* [Supplied records]
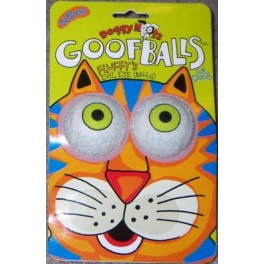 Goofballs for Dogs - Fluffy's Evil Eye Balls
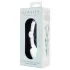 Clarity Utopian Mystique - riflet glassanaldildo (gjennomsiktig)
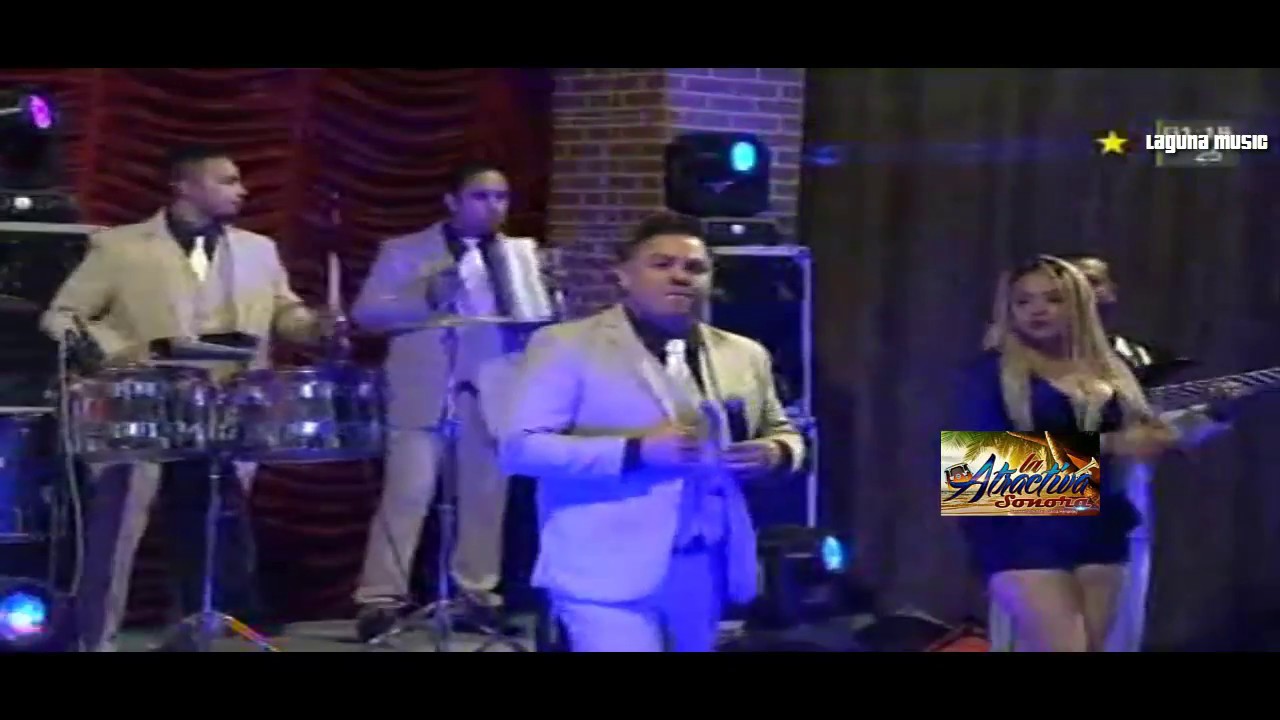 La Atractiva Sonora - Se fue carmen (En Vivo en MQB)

--

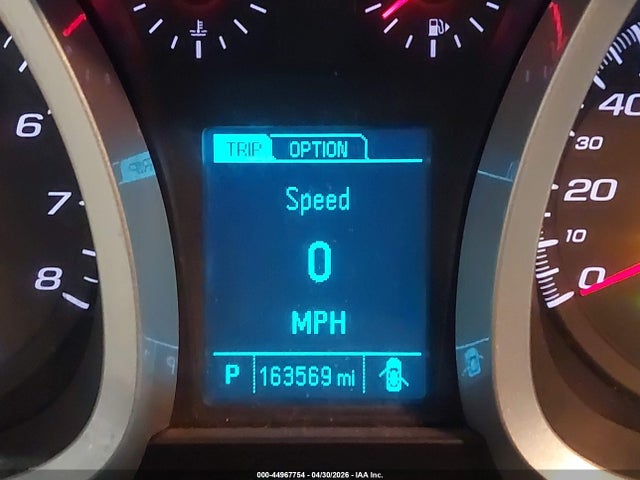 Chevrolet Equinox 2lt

* [Prompt]
Write out, word for word, the stretch of entries that begins at the line with "Goofballs for Dogs - Fluffy's Evil Eye Balls" and ends at the line with "La Atractiva Sonora". Pictures do not belong in it.

* [Expected output]
 Goofballs for Dogs - Fluffy's Evil Eye Balls
 Clarity Utopian Mystique - riflet glassanaldildo (gjennomsiktig)
 La Atractiva Sonora - Se fue carmen (En Vivo en MQB)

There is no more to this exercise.